News that economic growth slowed during the spring gave the stock market a fitting end to a choppy July - yet another back-and-forth day.
The Dow Jones industrial average, down almost 120 points in the first minutes of trading, recovered and briefly showed a gain before falling 44 points in mid-afternoon. The other major indexes also fell. Traders also opted for the safety of Treasury bonds, and that sent interest rates lower.
But stocks were on track for their strongest month in a year. The Dow was up 7.1 percent going into Friday's trading.
The Commerce Department said the gross domestic product, the broadest measure of the economy, grew at an annual pace of 2.4 percent from April to June. That's less than the 2.5 percent economists polled by Thomson Reuters had forecast.
At first the report confirmed investors' belief that the recovery is weakening as unemployment remains high and government stimulus programs end. Consumers cut back on their spending because of job worries and companies spent less to rebuild inventories.
But analysts said that as investors read deeper into the report, it didn't look as bad as they initially thought. They found some good news in consumers' savings rate.
"The consumer actually decided to save more," Jason Pride, director of investment strategy at Glenmeade, an investment management company. "Consumers have done more to repair their balance sheets than thought."
Pride said that means that those extra savings will eventually be spent, giving the economy a lift. Consumer spending accounts for the bulk of economic activity.
Business spending on equipment and software jumped in the second quarter by the biggest amount in 13 years. That was encouraging, analysts said, because it means companies are eventually going to start adding jobs.
"Companies are spending and eventually it will turn into employment," said Ron Weiner, president and CEO at RDM Financial Group.
It wasn't surprising that stocks gave up their gains and turned lower. Trading has been erratic as weak economic numbers have conflicted with companies' generally good second-quarter earnings and forecasts for the rest of the year. Investors have been quick to cash in their gains because they don't have a sense of where the market is headed.
In afternoon trading, the Dow Jones industrial average fell 43.75, or 0.4 percent, to 10,423.18. The Standard & Poor's 500 index fell 4.14, or 0.4 percent, to 1,097.39, while the Nasdaq composite index fell 5.10, or 0.2 percent, to 2,246.59.
Falling stocks slightly outpaced those that rose on the New York Stock Exchange where volume came to 450.1 million shares.
Volume was extremely light even for a summer day. That continued a trend that has been seen for much of July. Analysts say many investors, uncertain about the where the market is heading, are staying on the sidelines or moving money into safer alternatives.
That strategy sent Treasurys higher Friday. The yield on the 10-year Treasury note, which moves opposite its prices, fell to 2.91 percent from 2.99 percent. Its yield is often used as a benchmark for interest rates on mortgages and other consumer loans. A yield below 3 percent suggests investors are worried about long-term growth and don't fear inflation will be a problem anytime soon.
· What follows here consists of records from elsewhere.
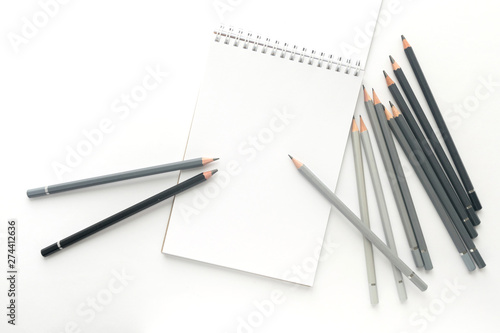 Top view, notebook with pencils on a white background.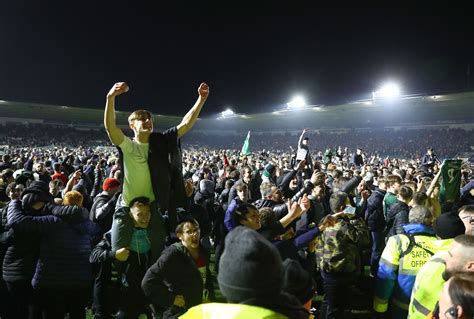 Moment Plymouth Argyle fans storm Home Park pitch to celebrate Wembley ...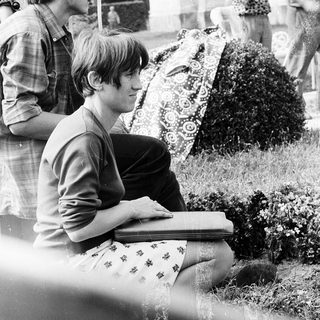 Young man reading book outdoors in 1960s.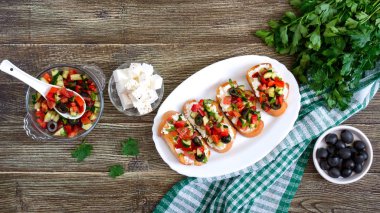 Ahşap bir arka plan üzerinde beyaz bir tabak üzerinde domates ve feta ile Klasik bruschetta. Tost baget, keçi peyniri, taze sebze, fesleğen ile İtalyan sandviç. Üst görünüm, düz yatıyordu. Afiş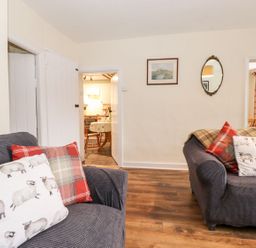 A living room with sofas and a doorway leading to another space at Irt Cottage Seascale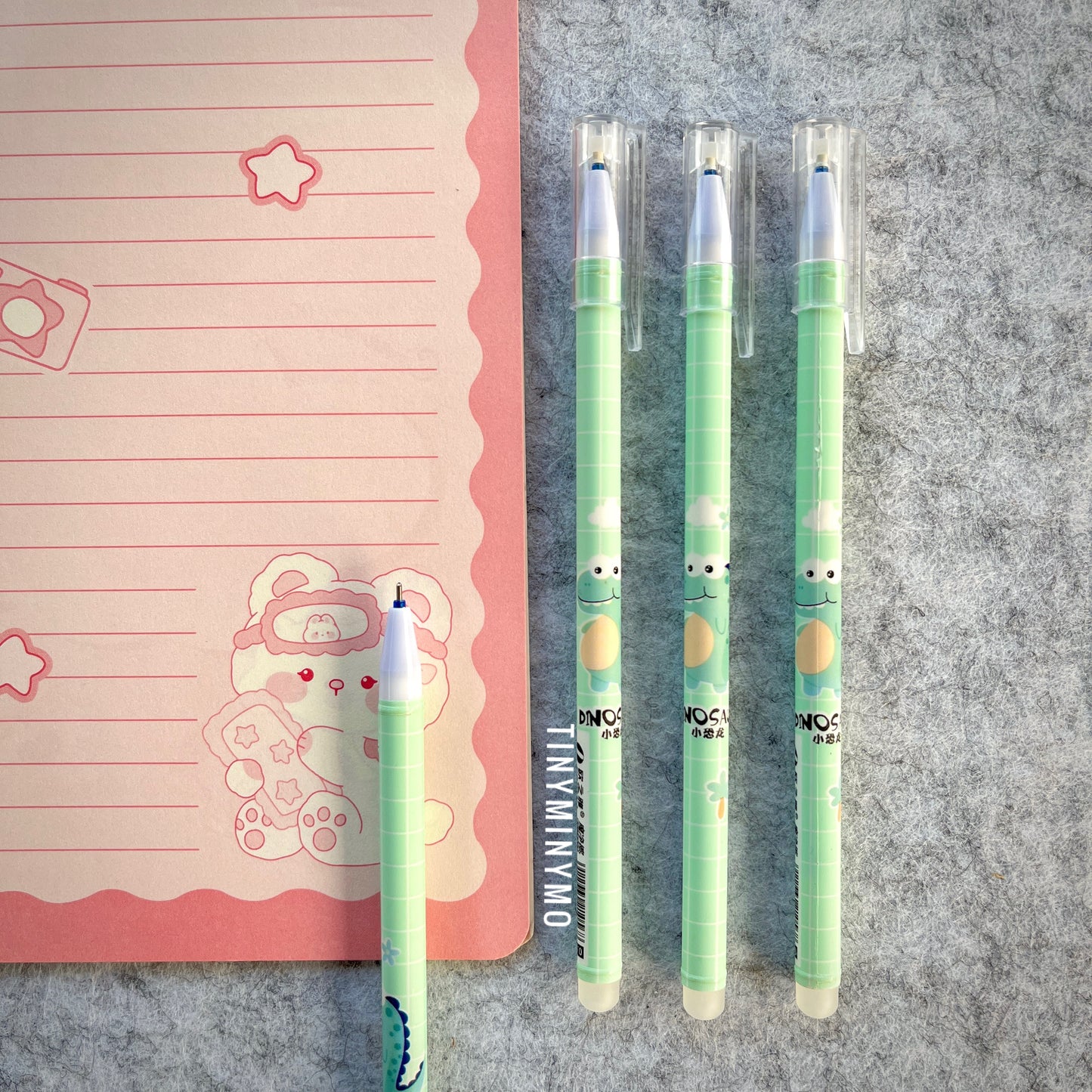 Three Green Pens with Dinosaur Characters on a Grey Surface Next to a Pink Notebook - Tinyminymo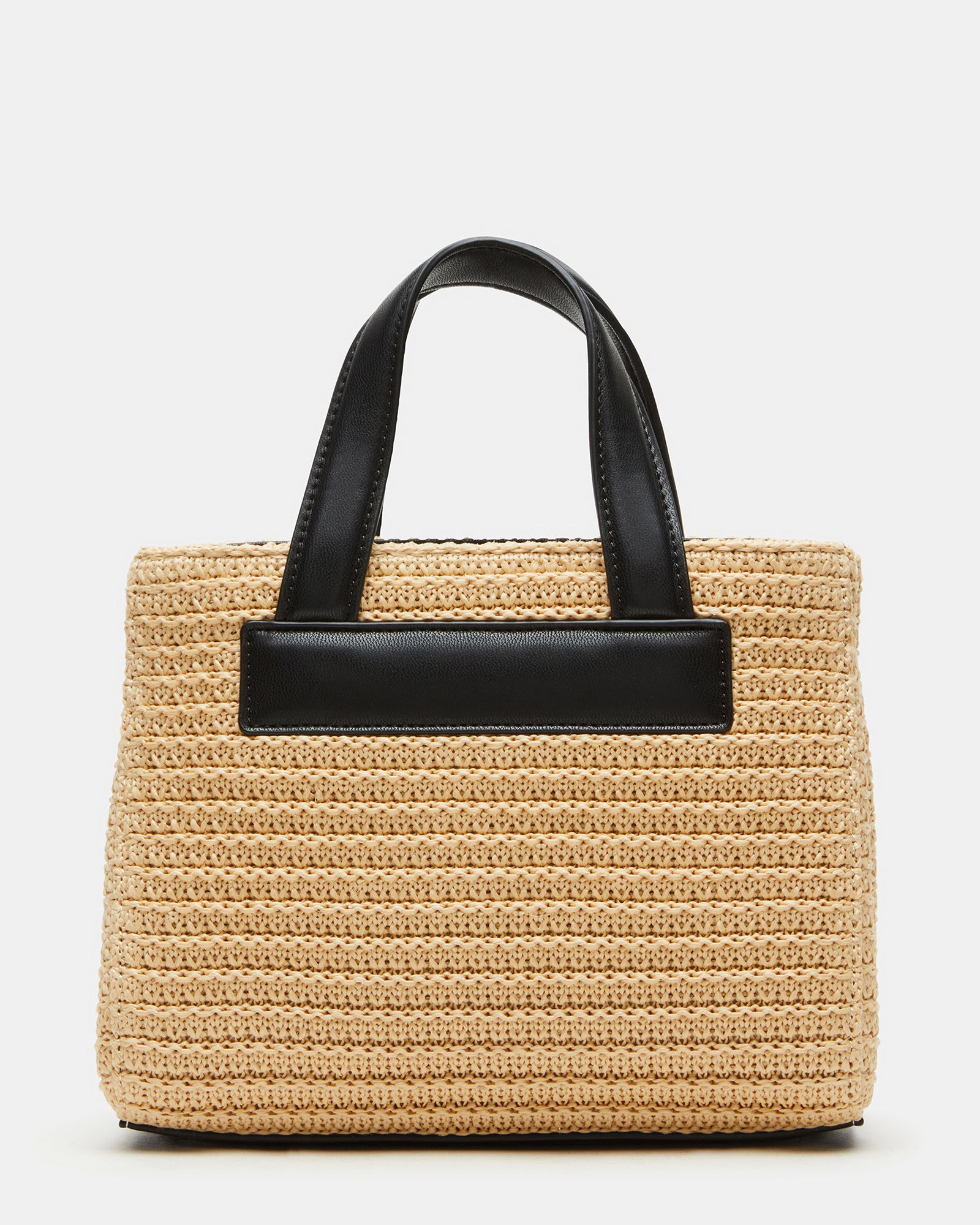 Styled image of the straw tote bag worn crossbody for hands-free convenience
Inflation is a threat to the long-term value of bonds.
Investors got some mildly good news from two other economic reports. The University of Michigan/Reuters consumer sentiment index for July rose slightly more than expected to 67.8 from a preliminary reading of 66.5. Economists expected it to rise to 67.
And the Chicago Purchasing Managers Index, which measures manufacturing activity in the Midwest, rose unexpectedly to 62.3 this month from 59.1 in June. Economists were expecting a drop to 56.5. The report is seen as an indicator of how the Institute for Supply Management's nationwide index is likely to come in when it's released on Monday.
Traders were also being cautious because they're waiting for a series of key reports next week that will give a first look at how the economy is doing in the current quarter. The Institute for Supply Management releases its reports on the manufacturing and services sectors during July and the Labor Department issues its report on employment for this month.
Economists predict the two ISM reports will show manufacturing and the services industry expanded in July but at a slower pace than in June.
Meanwhile, the unemployment rate likely inched higher to 9.6 percent in July from 9.5 percent in June as the government laid off more temporary census workers. Private employers likely added 90,000 jobs during the month, slightly better than in June.
Overseas markets mostly fell Friday after reports that Spain's credit rating is likely to be cut by Moody's Investors Service. The potential downgrade comes as the country's unemployment rate jumped to a 13-year high of 20.09 percent and the government continues to grapple with rising debt problems.
Spain's IBEX 35 fell 1.2 percent. Britain's FTSE 100 fell 1.1 percent, Germany's DAX index rose 0.2 percent, and France's CAC-40 fell 0.2 percent. Japan's Nikkei stock average fell 1.6 percent.